Solar economics depend on four key inputs: how much energy the roof can produce, what the system costs to build, how much electricity the building consumes, and what those avoided grid purchases are worth.
Evaluating the financials of a commercial solar installation involves sizing the system to maximize return while accounting for physical, economic, and policy constraints. Here's the general framework.
First, determine the technical potential. This starts with solar yield — the number of kWh each kW of installed capacity will produce annually, based on local weather data (typically using TMY3 data from the nearest weather station) and site-specific factors like panel tilt, azimuth, and system losses. Roof capacity is estimated based on available area, accounting for obstructions (typically around 30% of the roof is unusable), installation setbacks, and panel power density (roughly 14 watts per square foot for standard crystalline silicon modules).
Second, calculate the build cost. Capital costs (CAPEX) scale with system size — larger systems generally have a lower cost per watt. Federal incentives like the ITC and any applicable state rebates or performance incentives are subtracted from the gross cost to determine the net investment.
Third, size the system to maximize net present value (NPV).

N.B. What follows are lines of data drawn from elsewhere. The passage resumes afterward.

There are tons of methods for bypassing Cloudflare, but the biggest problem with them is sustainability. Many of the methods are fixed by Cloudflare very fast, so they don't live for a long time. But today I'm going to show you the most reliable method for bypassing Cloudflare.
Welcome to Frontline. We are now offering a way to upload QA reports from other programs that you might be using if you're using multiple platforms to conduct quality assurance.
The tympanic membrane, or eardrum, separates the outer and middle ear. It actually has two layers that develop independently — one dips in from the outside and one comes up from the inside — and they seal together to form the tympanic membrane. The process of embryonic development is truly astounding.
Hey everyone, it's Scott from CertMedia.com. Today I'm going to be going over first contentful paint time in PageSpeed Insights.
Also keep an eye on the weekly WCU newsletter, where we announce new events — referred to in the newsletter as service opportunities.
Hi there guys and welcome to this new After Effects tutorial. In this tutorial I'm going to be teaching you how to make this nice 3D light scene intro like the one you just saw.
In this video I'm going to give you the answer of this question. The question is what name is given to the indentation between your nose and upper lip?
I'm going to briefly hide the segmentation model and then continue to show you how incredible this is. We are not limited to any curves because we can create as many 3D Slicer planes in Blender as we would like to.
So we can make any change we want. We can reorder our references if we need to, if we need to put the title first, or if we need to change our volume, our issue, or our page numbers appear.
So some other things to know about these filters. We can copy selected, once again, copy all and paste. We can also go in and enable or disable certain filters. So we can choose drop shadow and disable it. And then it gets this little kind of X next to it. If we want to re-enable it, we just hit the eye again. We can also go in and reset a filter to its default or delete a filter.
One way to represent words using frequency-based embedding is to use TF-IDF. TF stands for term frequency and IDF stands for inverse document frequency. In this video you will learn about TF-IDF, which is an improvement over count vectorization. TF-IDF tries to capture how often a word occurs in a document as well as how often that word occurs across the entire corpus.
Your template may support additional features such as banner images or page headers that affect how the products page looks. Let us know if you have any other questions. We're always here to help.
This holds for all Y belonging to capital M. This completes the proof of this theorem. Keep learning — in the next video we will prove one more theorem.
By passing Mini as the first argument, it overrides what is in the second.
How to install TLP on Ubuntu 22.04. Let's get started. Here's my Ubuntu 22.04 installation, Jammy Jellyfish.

The optimal system isn't always the biggest one the roof can fit. If the building's energy consumption is lower than the roof's solar potential, oversizing creates excess generation that gets exported to the grid. In markets with strong net metering, exports are compensated at or near the retail rate, so oversizing can still make sense. But in markets with net billing or low export compensation (like California's NEM 3.0), the financial return drops off quickly once the system exceeds the building's consumption. The goal is to find the size where the marginal panel still earns a positive return.
Fourth, calculate the avoided cost. Each kWh of solar production displaces a kWh of grid electricity. The value of that displacement depends on the charge type: energy charges are typically 100% avoided, demand charges are partially avoided (roughly 30%, since solar production doesn't perfectly align with peak demand), and fixed charges aren't avoided at all.
Finally, the payback period is determined by comparing the discounted future savings stream against the initial investment. Most models use a discount rate (commonly around 10%) to account for the time value of money.